[EXERCISE DESCRIPTION]:
Among the entries below, retype exactly the lines starting with the one with "Bedframe met hoofdeinde" and going on through the one with "Utotrip Wireless Charger", but not the pictures.

╭─ RECORDS

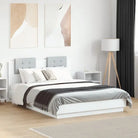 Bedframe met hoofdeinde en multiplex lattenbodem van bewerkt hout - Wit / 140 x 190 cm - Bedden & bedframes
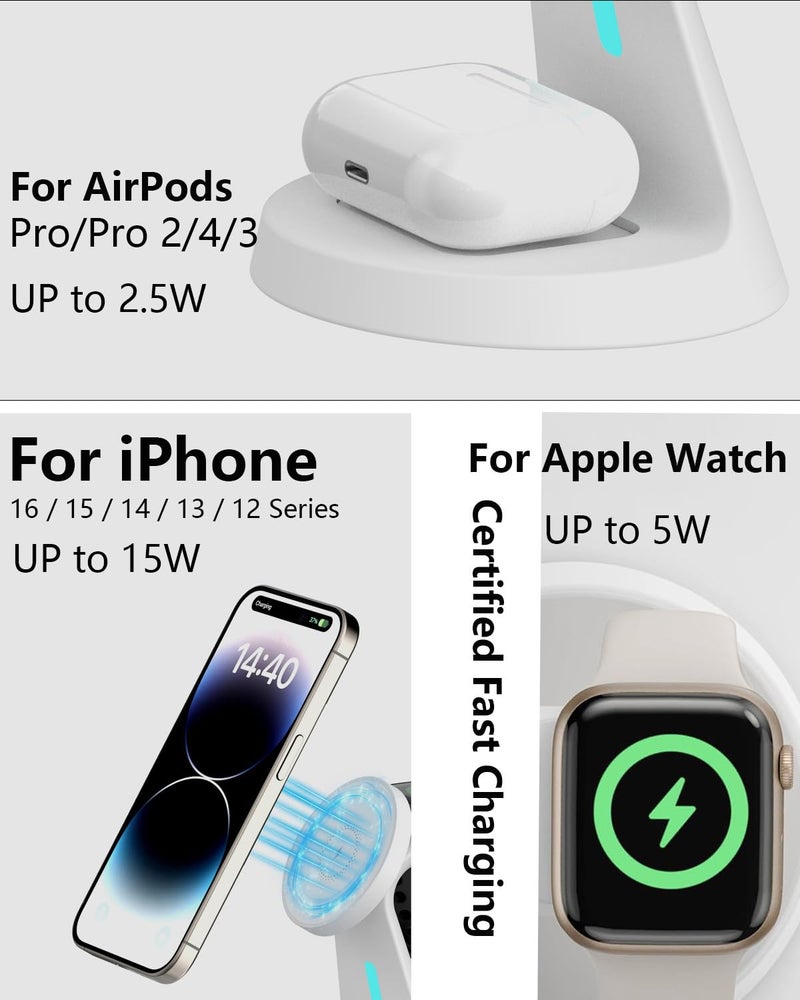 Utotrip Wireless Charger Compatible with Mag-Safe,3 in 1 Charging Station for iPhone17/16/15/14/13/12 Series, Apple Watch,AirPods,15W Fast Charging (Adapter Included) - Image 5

╰─
╭─ RECORDS

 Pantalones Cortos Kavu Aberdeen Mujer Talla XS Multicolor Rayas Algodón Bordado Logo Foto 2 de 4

╰─

[EXPECTED ANSWER]:
 Bedframe met hoofdeinde en multiplex lattenbodem van bewerkt hout - Wit / 140 x 190 cm - Bedden & bedframes
 Utotrip Wireless Charger Compatible with Mag-Safe,3 in 1 Charging Station for iPhone17/16/15/14/13/12 Series, Apple Watch,AirPods,15W Fast Charging (Adapter Included) - Image 5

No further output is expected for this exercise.